The problem is that oil is a unique resource because there is a big difference between “oil in place” and “recoverable reserves.” The latter is a function of price, which varies tremendously. The 10-year average crude oil price has been about $80 per barrel, about $60 over the past 20 years, and $35 over the past 40 years. It was well under $10 when I got into the business. When Obama took office, the price of crude was only $35/bbl and since then it’s been over $110 and now $65. During the same period, U.S. production is up over 50%! Hubbert never would have believed it.
The most significant year in oil price history was 1971 when the Texas Railroad Commission allowed producers to go to a 100% MER (maximum efficient rate) of possible production for the first time since it was given control of Texas production in 1919. At that very moment, the U.S. handed over control of world oil prices to OPEC. First, Saudi Arabia nationalized its oil industry in stages and raised their price from $3 a barrel to over $5, then to $11. Then, OPEC responded to our support of Israel in the Yom Kippur War by curtailing oil shipments to the U.S. on October 22, 1973. The rest is history.
Today there are three players that call the shots, because they produce far more oil than any other countries: The U.S. where production is increasing, Saudi Arabia where production is flat and Russia where production is declining. What today’s price volatility is all about is the Arabs trying to kick us out of the #1 spot by making high-cost production uneconomic. The Russians are playing along, too.
The Saudis can produce oil for $2/bbl. But, every OPEC country needs higher prices ($90-$110) to balance their country’s budget. So, they are playing a “game of chicken” that can’t go on forever. Unfortunately, supply and demand for oil are both very inelastic.

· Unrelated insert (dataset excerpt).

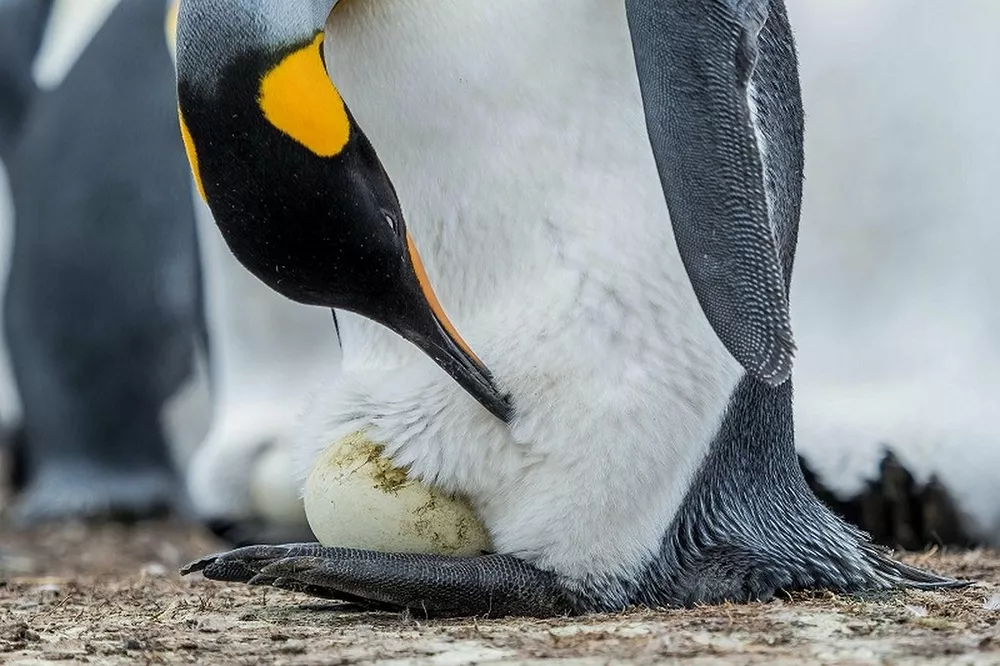 Как «рожают» и выхаживают своих детей пингвины: трогательные фото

The quantity/price elasticity is only about .10, meaning that demand goes down by only 1% with a 10% increase in price and supply goes up by only 1%, and vice versa. Yet, inventories (a leading short-term indicator of price) are now volatile from week to week. Is world production peaking? It looks like it, but it looked like it many times before. So, where will prices go while the game is going on….who knows?